Was all this inevitable? Or was it the result of mistaken United States policy which left Castro no alternative? No legend is more enduring than the notion that Washington ‘forced’ Cuba into the arms of Moscow. In fact, the revolution was very popular in the United States in the early months of 1959. When Castro visited this country in the spring, his journey had aspects of a triumphal procession. I met him at the Harvard Faculty Club in Cambridge, jaunty in his olive-green fatigues, and heard him speak that evening to several thousand students in the Harvard Stadium. He gave a fluent harangue, memorable chiefly for a disarming ability to make jokes in English. The undergraduates were delighted. They saw in him, I think, the hipster who in the era of the Organization Man had joyfully defied the system, summoned a dozen friends and overturned a government of wicked old men.

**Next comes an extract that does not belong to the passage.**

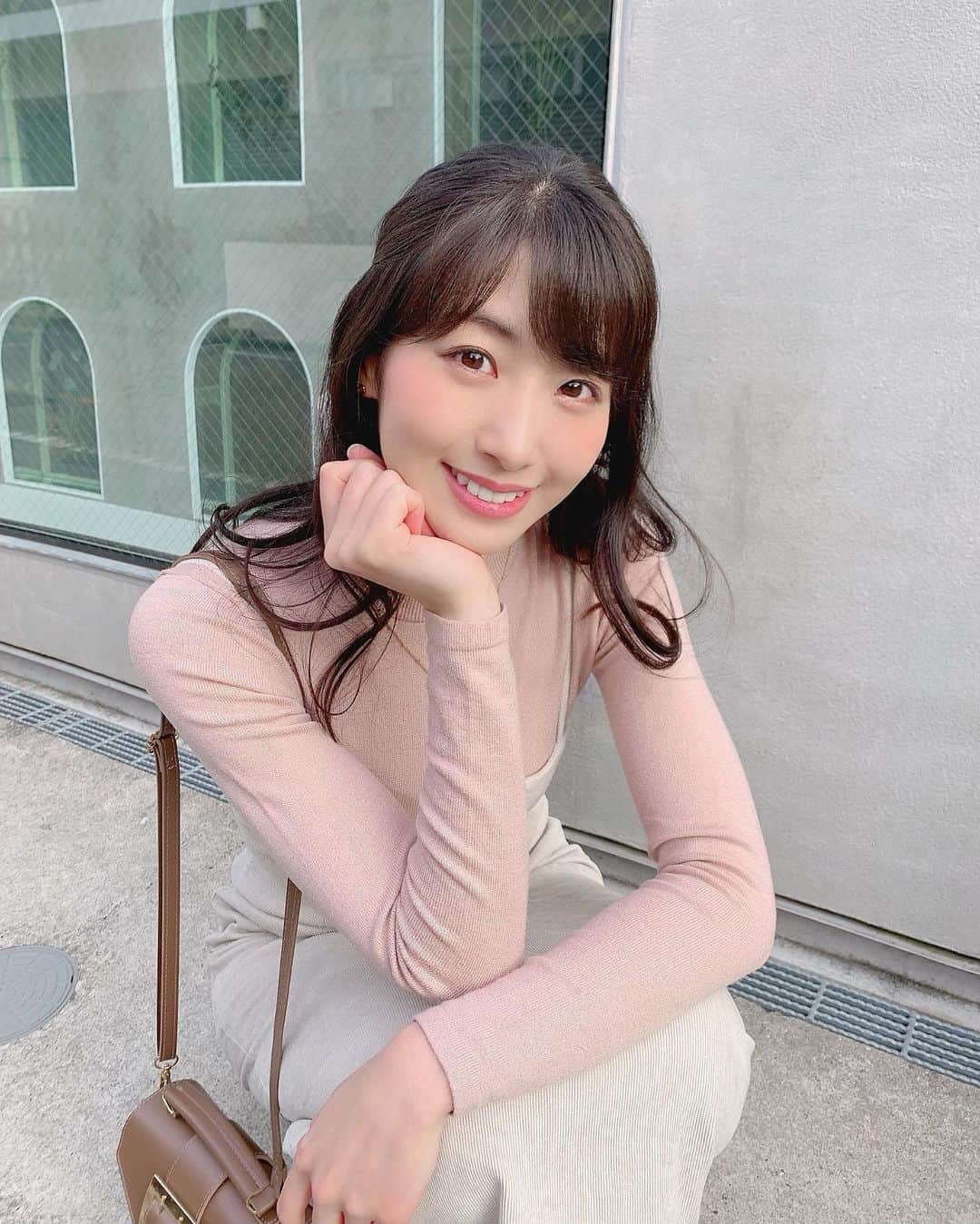 のインスタグラム：「怒涛の3日間が終わりました🌼 今夜はよく眠れそうだ〜〜🎈 . . 皆さんも今夜はゆっくり休んで明日から始まる新しい１週間に備えましょう🛀💗関根は好きなドラマ見てから寝ます……何時になるかなぁ💭🤣 . . ちなみに昨日から #dccomics のドラマ『#Arrow』Season7を見始めました🏹💚配信開始された時に見てるドラマがあったから追えてなかったことに先日気付いたの🤣🙏やはりオリバーかっこいいしフェリシティみたいな頭のキレる女性いいなぁ、てかみんないいなぁ、かっこいい。私もヒーローになりたい🦸🏻‍♀️💪🏽 . . #なんの話 #DCEU #dcextendeduniverse #netflix #netflixdoramas #selifie #japanese #japanesegirl #粉我 #偶像 #偶像活動」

Even the Eisenhower administration hoped for a while they could do something with him. Official policy toward Castro, it must be said, had been in a more than usual state of confusion. Eisenhower’s first ambassador, Arthur Gardner, was strongly pro-Batista; his successor, Earl E. T. Smith, hoped that Batista would leave quietly; while the State Department was sure that the dictatorship was doomed. Arms deliveries to Batista were stopped as early as March 1958, but the United States military mission remained—a compromise which displeased both sides. When Batista fled the country, Washington gave the revolutionary government prompt recognition. In March 1959 it sent a new ambassador to Havana—Philip Bonsai, a skilled and liberal-minded professional who had earned the deep dislike of the Rojas Pinilla dictatorship in Colombia and then had won the confidence of the leaders of the Bolivian Revolution. When Castro reached Washington in April, the State Department set up meetings with the economic members of his delegation to discuss an aid program.

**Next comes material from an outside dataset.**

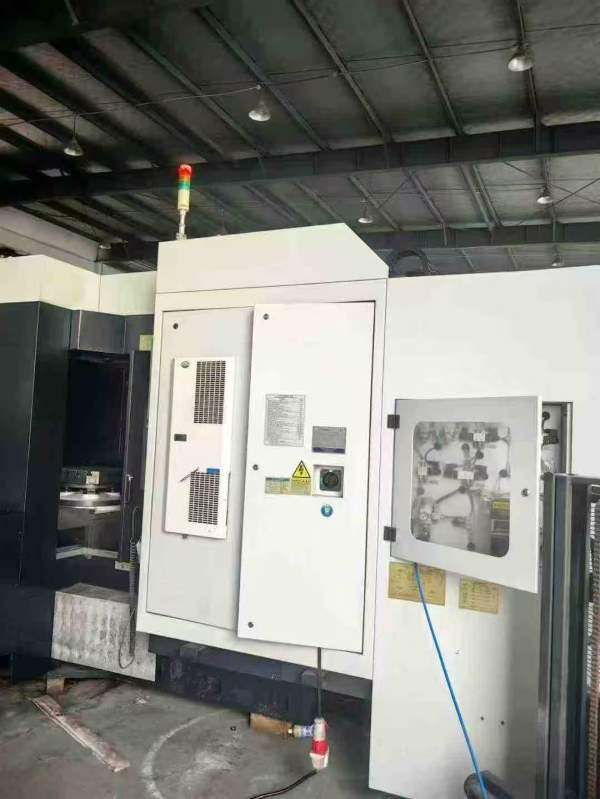 2018年苏州纽威HM503T卧加双工作台交换三轴滚柱导轨发.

But Castro had instructed these officials, to their astonishment, not to raise the question of assistance. Rufo Lopez Fresquet, his Finance Minister, saw Secretary of the Treasury Anderson and Assistant Secretary of State Rubottom and, as he later wrote, “feigned polite aloofness” when economic cooperation was mentioned. Castro himself loftily informed the American Society of Newspaper Editors that, unlike other foreign leaders who came to Washington to sell their souls, “We did not come here for money.” As early as the spring of 1959, Castro seems to have decided to cast the United States in the role of enemy of the revolution. The hostility of Washington would provide the all-purpose excuse to cancel elections, eliminate political opposition and tighten internal controls. It is notable that Castro himself never then or later used the argument so dear to Castro sympathizers outside Cuba that rejection in Washington drove him to Moscow. Che Guevara denied in 1964 that Castro could ever possibly have been seduced by American blandishments.

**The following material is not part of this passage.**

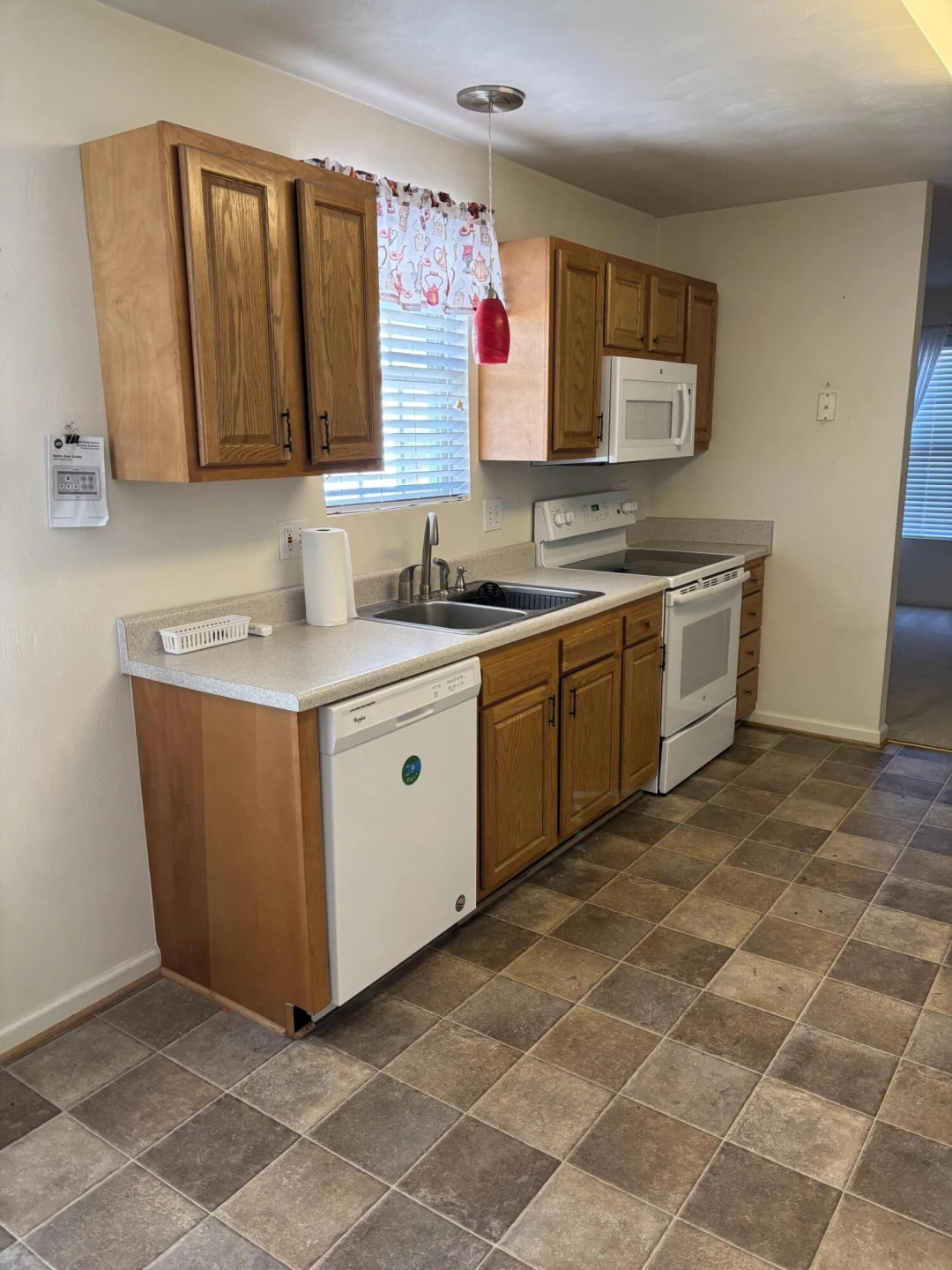 506 Gavin CIR - Photo 4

Castro’s evident pleasure in shooting Batistia
nos after circus-like trials shocked opinion in the United States; this reaction, in contrast to the earlier North American ennui over Batista’s terror, shocked Cubans. The State Department grew obsessed with the problem of getting American citizens proper indemnification for expropriated land and business; Havana construed this as the anticipated enmity of American business to Cuban reform. Washington became disturbed over Castro’s nonstop anti-Yanqui orations; Havana complained about exile bombing raids apparently launched from private airfields in Florida. These recriminations only confirmed Castro in a course set for other reasons. Bonsai, for all his friendliness to the revolution, had increasing trouble even getting in to see Castro. On May 8, he requested an interview; the request was not granted till June 13. On July 23 Bonsai sought another meeting—not arranged till September 5. By November, when Manuel Ray and others left the government, Bonsai decided that Castro had no wish for any sort of understanding. But Bonsai still advocated a policy of moderation in order to make it more difficult for Castro to rush to the other side. If the United States played the role Castro had cast for it, Bonsai felt, it would only fulfill Castro’s purposes.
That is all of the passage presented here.